1] 昭和元年北海道小樽新聞社の天盃御下賜記念文芸大会に俳句を投句して以来、北海道、青森県下北地方において地域に根ざした文芸活動を多年にわたり実践している。
同3年北海道石狩俳句会に、6年には俳誌・十和田に所属し、翌7年北海道札幌市「旭島声」の天位賞を受賞した。
2] 昭和14年青森県田名部町(現むつ市)に在住後は、下北の文芸活動拠点づくりを目指して日夜奔走し、同25年10月同人17名で俳句結社・あしかげ社を結成、俳誌「盧光」を発刊した。以来、季刊として毎年4回の発行を継続し現在146号を数えているが、その編集にも参画して下北俳句界におけるあしかげ社の地位を揺るぎないものにする原動力となった。現在の同人40名。
3] 俳誌・十和田は、昭和6年に創刊された青森県で最も古い歴史を有する月刊俳誌であったが、平成5年主宰者が亡くなったため62年間・734号で終刊した。このため俳誌・花林檎に移籍した。
氏は、俳誌・十和田に所属して以来、下北地域における文化芸術の草創期の基盤づくりに尽力し、91歳を迎えた今なお67年間1度も欠かすことなく生活感あふれる力作の出展を続け、現代女性俳人代表作品シリーズ掲載・青森よみうり月刊紙上俳句展等で数多くの賞を受賞するなど、活発な創作活動を続けている。
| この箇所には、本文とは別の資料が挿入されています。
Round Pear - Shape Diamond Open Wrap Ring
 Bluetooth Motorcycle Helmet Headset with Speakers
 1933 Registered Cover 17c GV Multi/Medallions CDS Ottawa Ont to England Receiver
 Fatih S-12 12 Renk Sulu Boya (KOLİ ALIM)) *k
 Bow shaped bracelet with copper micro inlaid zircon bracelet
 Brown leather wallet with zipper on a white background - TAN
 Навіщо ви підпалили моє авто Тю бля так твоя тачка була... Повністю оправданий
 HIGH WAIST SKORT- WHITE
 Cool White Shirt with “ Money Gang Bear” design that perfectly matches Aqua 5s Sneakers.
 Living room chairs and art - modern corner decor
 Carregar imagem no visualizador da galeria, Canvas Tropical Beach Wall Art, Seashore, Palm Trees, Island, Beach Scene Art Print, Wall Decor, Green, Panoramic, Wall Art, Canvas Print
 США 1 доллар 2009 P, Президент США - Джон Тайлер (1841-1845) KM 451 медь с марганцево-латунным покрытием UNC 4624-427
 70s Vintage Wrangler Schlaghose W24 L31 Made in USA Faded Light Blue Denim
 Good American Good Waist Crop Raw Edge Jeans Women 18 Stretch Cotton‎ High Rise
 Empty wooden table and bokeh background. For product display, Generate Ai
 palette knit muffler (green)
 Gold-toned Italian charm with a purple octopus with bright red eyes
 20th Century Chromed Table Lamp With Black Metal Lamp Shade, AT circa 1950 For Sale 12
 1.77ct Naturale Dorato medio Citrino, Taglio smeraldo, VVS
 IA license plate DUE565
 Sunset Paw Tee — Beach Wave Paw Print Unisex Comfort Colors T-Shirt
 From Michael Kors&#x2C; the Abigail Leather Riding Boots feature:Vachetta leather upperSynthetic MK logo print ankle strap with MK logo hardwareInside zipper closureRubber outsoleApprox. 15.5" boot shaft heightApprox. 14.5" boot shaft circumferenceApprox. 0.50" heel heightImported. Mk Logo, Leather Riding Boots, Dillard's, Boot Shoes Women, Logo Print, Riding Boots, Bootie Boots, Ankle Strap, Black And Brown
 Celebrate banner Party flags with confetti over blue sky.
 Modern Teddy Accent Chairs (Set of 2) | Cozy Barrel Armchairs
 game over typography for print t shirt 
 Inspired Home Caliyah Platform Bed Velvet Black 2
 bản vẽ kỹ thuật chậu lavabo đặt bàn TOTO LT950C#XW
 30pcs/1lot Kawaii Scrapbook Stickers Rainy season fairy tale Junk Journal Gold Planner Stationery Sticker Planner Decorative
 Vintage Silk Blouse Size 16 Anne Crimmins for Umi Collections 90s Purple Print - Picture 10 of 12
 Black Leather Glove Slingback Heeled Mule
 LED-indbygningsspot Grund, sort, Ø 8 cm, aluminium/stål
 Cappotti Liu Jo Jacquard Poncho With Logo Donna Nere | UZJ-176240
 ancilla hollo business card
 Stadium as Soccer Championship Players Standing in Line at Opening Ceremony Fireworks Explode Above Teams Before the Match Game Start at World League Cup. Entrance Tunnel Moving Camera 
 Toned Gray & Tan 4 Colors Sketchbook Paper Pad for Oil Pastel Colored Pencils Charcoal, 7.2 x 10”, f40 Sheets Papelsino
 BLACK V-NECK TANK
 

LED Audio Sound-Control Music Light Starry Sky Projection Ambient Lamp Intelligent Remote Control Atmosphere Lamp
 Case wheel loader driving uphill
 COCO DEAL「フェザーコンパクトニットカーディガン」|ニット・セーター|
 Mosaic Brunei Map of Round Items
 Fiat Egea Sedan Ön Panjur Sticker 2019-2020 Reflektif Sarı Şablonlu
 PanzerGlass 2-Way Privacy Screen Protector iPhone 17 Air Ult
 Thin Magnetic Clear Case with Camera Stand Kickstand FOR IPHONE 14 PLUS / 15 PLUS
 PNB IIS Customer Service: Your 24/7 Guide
作風は、その地に住む者だけが知り得る自然・風土・生活の特色を活かして17文字に表す独自のもので、人々にやすらぎ、生きる喜び、感動を与える作品が多い。
4] 創作活動に励む傍ら、昭和10年から洋裁、和裁、同23年からは茶道、華道を自宅を開放して教え、32年からは地域の公民館、婦人団体、高等学校、川内町の幼稚園等においてボランティアでお茶やお花を指導するなど、幅広い活動を通じ地域文化の振興に寄与した。